Given records:
◇ ◇ ◇ ◇ ◇

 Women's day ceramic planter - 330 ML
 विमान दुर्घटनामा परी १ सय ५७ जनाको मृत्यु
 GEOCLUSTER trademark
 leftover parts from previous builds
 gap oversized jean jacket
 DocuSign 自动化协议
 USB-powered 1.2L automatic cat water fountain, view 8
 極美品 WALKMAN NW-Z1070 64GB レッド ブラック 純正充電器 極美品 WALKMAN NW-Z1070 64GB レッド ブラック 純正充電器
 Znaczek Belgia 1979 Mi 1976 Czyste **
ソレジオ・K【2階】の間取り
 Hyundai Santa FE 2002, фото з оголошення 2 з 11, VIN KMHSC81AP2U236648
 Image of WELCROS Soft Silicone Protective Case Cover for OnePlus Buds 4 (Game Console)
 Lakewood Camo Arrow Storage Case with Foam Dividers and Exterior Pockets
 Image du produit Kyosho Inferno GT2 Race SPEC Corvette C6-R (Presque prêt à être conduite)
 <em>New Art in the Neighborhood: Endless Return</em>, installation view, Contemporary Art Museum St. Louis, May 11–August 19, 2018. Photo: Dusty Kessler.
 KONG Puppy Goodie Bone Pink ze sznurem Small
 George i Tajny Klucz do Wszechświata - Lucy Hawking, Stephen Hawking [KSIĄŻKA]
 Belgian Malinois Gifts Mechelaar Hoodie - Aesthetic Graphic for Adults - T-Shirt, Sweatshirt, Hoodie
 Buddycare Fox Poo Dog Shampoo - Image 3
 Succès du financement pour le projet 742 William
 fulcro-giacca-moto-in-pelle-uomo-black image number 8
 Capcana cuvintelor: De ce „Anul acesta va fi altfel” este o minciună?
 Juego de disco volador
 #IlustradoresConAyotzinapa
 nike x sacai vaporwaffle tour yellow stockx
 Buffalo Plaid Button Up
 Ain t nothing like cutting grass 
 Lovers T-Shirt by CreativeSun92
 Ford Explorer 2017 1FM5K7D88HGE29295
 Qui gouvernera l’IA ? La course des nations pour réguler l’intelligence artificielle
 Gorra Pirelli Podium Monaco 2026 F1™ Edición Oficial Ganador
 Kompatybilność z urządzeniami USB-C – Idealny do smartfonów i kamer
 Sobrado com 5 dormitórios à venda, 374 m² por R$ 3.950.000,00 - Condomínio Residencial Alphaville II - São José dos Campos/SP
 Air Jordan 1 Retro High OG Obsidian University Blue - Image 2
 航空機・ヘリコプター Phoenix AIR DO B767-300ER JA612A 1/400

◇ ◇ ◇ ◇ ◇

Exercise details:
Take every line above that includes the string "Case" and return it.

Written answer:
 Image of WELCROS Soft Silicone Protective Case Cover for OnePlus Buds 4 (Game Console)
 Lakewood Camo Arrow Storage Case with Foam Dividers and Exterior Pockets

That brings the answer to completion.